Em 2020, enfermeiro viu coração fraquejar diante de paciente com cara do avô

Aline dos Santos | 14/03/2021 08:23
Ruan é enfermeiro em dois hospitais de Campo Grande e há um ano testemunha as dores da pandemia.
Ruan é enfermeiro em dois hospitais de Campo Grande e há um ano testemunha as dores da pandemia.
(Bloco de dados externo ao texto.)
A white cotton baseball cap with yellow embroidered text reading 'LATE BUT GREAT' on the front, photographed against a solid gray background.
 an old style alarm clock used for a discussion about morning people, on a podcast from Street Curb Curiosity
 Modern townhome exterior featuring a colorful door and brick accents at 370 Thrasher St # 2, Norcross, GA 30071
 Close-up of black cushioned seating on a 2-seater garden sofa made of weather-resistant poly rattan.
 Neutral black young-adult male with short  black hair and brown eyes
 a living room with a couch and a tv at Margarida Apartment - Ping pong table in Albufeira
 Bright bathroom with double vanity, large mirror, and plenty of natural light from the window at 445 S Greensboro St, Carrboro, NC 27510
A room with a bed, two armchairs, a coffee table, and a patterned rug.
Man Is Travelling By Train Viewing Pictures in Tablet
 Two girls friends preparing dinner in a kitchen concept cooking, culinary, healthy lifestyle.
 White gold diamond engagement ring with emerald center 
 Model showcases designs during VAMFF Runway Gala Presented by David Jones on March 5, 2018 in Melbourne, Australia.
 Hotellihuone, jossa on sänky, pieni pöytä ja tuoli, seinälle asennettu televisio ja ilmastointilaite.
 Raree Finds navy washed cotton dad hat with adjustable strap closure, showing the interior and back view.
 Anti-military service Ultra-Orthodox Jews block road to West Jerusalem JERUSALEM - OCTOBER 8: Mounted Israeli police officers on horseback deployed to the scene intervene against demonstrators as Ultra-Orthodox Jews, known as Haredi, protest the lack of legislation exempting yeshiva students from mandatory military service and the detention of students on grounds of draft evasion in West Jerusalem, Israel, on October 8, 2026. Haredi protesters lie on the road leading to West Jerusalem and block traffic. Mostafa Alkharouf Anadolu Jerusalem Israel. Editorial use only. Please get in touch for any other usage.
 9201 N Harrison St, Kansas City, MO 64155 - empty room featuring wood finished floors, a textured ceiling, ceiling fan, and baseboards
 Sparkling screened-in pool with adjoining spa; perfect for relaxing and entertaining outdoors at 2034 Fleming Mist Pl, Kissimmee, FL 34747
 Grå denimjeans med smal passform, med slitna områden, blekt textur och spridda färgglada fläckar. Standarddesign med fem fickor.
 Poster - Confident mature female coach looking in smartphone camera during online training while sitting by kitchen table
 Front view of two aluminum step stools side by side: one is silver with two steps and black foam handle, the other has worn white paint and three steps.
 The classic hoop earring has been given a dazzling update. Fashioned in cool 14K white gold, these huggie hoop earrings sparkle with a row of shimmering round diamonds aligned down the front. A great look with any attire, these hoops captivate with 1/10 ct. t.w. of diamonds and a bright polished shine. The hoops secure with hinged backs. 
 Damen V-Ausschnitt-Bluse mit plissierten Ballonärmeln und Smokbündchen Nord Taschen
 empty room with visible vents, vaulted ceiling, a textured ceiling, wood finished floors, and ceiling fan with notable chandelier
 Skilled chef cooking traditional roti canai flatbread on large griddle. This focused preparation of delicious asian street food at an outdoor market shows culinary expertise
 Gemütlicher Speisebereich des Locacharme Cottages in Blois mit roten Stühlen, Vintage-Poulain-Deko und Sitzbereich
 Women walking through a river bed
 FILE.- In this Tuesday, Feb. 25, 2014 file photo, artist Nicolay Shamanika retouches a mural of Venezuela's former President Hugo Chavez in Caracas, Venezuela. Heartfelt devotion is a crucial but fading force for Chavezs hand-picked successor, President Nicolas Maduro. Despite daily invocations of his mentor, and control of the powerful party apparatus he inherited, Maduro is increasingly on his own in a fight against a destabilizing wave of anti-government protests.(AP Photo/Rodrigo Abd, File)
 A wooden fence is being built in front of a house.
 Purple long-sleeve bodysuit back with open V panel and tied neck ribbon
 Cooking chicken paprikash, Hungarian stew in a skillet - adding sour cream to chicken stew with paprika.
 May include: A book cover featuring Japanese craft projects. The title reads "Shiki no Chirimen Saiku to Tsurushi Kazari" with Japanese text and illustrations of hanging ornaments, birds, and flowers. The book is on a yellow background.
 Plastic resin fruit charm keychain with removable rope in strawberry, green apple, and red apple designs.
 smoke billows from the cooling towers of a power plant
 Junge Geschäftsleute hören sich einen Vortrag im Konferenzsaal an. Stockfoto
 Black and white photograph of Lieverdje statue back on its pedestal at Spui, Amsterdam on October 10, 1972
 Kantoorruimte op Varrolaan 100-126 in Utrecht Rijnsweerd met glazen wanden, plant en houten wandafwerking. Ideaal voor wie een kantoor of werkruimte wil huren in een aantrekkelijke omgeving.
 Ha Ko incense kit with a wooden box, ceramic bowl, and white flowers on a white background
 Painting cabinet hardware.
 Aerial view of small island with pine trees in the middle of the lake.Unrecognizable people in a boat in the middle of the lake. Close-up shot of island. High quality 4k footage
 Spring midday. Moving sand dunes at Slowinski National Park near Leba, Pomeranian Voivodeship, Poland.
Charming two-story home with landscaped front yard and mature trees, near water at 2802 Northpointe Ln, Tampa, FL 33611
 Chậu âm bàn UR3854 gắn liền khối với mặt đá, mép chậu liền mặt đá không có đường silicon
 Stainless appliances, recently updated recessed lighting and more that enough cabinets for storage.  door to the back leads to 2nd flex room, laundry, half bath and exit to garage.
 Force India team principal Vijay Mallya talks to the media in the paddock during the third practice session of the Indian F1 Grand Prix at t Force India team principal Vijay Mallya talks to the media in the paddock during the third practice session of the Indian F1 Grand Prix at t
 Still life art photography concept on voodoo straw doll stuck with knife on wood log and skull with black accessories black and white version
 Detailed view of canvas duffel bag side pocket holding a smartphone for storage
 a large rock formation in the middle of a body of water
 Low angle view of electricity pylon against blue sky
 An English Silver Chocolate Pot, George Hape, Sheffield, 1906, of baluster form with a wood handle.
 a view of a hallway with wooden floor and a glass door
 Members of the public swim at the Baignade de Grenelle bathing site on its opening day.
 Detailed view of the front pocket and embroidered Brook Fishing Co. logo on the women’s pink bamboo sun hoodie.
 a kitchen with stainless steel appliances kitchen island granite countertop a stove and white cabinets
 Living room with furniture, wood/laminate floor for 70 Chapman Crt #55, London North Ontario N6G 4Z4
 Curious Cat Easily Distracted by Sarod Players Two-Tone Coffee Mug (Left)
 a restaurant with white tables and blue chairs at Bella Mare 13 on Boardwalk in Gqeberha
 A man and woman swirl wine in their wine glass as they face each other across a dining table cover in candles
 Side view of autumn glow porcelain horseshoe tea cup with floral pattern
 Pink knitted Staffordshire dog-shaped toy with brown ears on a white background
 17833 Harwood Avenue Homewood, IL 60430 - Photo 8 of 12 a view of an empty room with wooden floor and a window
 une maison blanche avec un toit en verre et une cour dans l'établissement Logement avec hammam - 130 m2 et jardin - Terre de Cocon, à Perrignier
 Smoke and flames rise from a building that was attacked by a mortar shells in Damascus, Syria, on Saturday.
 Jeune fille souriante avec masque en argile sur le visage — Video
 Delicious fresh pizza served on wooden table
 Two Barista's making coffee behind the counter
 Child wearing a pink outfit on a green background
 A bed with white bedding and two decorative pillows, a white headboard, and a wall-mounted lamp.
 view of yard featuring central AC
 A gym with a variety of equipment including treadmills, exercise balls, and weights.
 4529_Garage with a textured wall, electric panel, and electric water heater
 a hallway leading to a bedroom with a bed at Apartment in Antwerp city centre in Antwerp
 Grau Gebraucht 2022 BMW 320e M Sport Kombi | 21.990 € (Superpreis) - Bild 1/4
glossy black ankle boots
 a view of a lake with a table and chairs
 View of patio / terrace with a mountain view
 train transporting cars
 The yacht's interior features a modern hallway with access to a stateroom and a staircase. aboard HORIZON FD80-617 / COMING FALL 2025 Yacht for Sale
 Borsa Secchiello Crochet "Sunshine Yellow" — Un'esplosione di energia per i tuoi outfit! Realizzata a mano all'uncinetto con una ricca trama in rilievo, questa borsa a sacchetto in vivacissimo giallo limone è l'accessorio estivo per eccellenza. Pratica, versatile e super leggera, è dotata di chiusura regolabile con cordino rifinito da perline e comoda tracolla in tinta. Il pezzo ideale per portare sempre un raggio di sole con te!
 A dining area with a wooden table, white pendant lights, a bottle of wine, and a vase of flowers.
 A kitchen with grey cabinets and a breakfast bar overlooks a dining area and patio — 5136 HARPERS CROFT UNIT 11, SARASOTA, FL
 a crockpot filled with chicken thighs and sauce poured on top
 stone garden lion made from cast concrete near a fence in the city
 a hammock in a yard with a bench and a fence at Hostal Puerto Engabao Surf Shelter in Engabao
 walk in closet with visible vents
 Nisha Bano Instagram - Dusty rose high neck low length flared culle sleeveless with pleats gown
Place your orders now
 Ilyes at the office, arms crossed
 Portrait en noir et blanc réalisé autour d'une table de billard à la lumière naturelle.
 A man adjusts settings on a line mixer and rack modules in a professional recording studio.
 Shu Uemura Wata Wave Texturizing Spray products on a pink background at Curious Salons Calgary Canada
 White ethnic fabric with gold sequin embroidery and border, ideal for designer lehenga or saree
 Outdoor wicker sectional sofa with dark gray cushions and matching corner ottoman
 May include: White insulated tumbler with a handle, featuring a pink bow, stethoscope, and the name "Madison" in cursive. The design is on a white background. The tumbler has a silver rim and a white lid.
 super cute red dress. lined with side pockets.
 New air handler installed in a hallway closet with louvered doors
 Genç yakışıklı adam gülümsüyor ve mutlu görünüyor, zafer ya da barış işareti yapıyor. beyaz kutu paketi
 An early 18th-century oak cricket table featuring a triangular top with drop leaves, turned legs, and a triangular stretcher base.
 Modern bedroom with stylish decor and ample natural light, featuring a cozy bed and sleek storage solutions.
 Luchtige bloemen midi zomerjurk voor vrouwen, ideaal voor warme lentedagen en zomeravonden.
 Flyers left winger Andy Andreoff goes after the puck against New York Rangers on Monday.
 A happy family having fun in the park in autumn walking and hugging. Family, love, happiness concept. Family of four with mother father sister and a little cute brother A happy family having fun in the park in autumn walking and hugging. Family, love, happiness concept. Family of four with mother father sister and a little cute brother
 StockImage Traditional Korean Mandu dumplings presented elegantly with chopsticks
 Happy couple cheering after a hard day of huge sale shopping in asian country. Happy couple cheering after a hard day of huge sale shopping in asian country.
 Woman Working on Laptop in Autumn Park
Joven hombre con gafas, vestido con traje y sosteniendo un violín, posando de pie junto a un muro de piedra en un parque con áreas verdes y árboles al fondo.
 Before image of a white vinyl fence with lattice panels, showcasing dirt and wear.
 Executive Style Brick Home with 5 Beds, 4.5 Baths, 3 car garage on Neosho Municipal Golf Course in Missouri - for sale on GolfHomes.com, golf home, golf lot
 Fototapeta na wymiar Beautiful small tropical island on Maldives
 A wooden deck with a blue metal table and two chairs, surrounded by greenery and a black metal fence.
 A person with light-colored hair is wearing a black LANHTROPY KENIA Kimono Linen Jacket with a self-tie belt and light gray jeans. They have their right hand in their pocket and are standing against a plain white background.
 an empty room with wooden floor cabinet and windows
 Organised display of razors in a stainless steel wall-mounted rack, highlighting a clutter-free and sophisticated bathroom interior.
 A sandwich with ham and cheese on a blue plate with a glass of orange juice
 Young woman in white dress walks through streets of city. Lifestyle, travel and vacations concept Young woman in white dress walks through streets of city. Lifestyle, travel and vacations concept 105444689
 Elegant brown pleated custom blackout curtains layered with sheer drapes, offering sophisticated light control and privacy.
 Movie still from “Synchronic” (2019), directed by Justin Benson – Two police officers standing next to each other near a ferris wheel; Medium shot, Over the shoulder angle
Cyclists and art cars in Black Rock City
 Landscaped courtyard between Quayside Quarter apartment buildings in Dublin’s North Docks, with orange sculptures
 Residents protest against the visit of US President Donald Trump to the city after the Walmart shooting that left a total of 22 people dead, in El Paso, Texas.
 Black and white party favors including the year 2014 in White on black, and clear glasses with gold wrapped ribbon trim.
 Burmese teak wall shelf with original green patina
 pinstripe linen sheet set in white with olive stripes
Na virada do ano, quando 2020 abriu lugar para 2021, o enfermeiro Ruan Diego Dias, 28 anos, que trabalha em dois hospitalares particulares de Campo Grande, viu a tradicional alegria do Réveillon virar lágrimas.

“Passei em casa e na hora da meia noite chorei bastante por todas aquelas pessoas. Tenho gratidão por conseguir ajudar. Mas a gente se sente um pouco culpado por quem não conseguiu salvar. Sempre tem a esperança de que todo mundo fique bem”, diz.

Da linha de frente, um enfermeiro testemunha o avanço rápido da doença, a solidão dos pacientes e a preocupação de profissionais e pacientes num momento crucial: a hora de intubar.

Até 2020, ano que o coronavírus aportou em Mato Grosso do Sul, onde os primeiros casos foram confirmados em 14 de março, Ruan nunca tinha participado de tantos procedimentos de intubação num mesmo plantão.

Nos períodos mais críticos, como em dezembro, o procedimento passou a ser rotina, com um paciente atrás do outro. Num deles, o coração fraquejou e Ruan pediu para ser substituído por colega.

“Era um senhor de 75 anos. Chegou consciente e orientado, mas foi tendo a evolução, com chance muito grande de intubação, o padrão respiratório era muito ruim. Fisicamente, ele lembrou muito o meu avô materno, uma pessoa com quem tinha uma ligação muito forte. Ele morreu em 2014. Foi um sentimento diferente, ele pediu para não ser intubado, tinha medo. Era como se o me avô estivesse pedindo”, relata. O paciente faleceu sete dias depois do procedimento.

Em um ano, quem vê a covid-19 da linha de frente teve que se habituar aos equipamentos de proteção individual, ao agravamento dos pacientes e há muitos adeus. Mas o que um enfermeiro que testemunha tamanho sofrimento não se acostuma é com o descaso de muitos em relação à doença.

“Acham que é brincadeira. Mesmo que a pessoa não tenha medo de contrair, ela precisa pensar que tem pai, avó. Pensa, seu pai ou sua mãe te liga, fala que está ruim e vai para o hospital. Precisa ser entubado. Não tem visita. A pessoa evolui mal, vai a óbito. Para, pensa. Não vai ver nem dentro do caixão”.

Daqui em diante, a esperança pela chegada de mais vacinas. Enquanto isso, a guerra diária, os profissionais se equilibram entre as dores, o perigo e a gratidão. “No último plantão, recebemos um bilhetinho de um filho que tinha pai e mãe internados no CTI”, conta Ruan, agradecido por poder, ao menos, ofertar oxigênio e acolher os pacientes num momento tão difícil.